> **TASK ITEM**
Beneath this task are records; print exactly the stretch of them from the line with "More Photos Of 4747" through the line with "Peak Design Everyday", both ends included.

> **DATA FOR THIS EXERCISE**
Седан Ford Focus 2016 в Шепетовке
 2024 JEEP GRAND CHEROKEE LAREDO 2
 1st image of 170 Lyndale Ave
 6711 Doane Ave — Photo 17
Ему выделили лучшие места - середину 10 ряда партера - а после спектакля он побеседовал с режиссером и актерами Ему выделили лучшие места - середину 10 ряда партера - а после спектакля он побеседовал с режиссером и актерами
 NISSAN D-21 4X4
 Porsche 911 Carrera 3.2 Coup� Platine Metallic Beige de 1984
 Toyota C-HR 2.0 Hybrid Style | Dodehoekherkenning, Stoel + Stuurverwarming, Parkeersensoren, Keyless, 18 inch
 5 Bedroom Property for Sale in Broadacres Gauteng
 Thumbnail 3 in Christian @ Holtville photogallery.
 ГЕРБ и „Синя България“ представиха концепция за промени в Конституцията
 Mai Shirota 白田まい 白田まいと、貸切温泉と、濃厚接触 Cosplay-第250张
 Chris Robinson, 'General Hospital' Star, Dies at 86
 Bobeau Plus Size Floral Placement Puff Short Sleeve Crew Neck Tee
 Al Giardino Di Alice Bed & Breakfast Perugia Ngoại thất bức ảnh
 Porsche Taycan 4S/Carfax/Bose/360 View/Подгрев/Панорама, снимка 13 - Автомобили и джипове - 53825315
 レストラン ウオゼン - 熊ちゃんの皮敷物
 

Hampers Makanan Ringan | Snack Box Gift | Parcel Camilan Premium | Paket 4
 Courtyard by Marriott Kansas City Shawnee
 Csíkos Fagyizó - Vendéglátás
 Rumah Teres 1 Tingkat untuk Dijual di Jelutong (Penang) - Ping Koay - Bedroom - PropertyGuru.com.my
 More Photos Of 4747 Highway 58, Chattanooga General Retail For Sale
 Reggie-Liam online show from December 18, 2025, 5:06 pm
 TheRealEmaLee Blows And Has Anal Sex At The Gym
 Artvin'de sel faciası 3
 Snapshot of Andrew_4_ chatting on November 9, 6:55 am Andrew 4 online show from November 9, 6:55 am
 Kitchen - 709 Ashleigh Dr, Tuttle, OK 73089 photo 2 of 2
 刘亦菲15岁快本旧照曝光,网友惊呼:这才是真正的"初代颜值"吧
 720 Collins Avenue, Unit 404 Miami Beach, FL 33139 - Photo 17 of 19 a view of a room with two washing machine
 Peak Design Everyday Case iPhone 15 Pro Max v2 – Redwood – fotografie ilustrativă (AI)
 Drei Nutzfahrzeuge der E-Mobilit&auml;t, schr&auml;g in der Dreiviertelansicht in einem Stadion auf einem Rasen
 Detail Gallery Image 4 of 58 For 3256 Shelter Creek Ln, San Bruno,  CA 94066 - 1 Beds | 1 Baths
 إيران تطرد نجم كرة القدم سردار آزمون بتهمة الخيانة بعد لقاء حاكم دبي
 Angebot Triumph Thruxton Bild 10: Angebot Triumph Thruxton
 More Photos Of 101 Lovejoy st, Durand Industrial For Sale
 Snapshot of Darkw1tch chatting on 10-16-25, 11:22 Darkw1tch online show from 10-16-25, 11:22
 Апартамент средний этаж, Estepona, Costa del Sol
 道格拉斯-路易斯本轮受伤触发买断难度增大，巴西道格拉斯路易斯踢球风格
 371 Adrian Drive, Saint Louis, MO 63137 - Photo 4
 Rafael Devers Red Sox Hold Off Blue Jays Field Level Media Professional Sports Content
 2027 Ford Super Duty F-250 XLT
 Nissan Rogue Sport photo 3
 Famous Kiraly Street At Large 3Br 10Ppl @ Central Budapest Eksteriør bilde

> **TASK OUTPUT**
 More Photos Of 4747 Highway 58, Chattanooga General Retail For Sale
 Reggie-Liam online show from December 18, 2025, 5:06 pm
 TheRealEmaLee Blows And Has Anal Sex At The Gym
 Artvin'de sel faciası 3
 Snapshot of Andrew_4_ chatting on November 9, 6:55 am Andrew 4 online show from November 9, 6:55 am
 Kitchen - 709 Ashleigh Dr, Tuttle, OK 73089 photo 2 of 2
 刘亦菲15岁快本旧照曝光,网友惊呼:这才是真正的"初代颜值"吧
 720 Collins Avenue, Unit 404 Miami Beach, FL 33139 - Photo 17 of 19 a view of a room with two washing machine
 Peak Design Everyday Case iPhone 15 Pro Max v2 – Redwood – fotografie ilustrativă (AI)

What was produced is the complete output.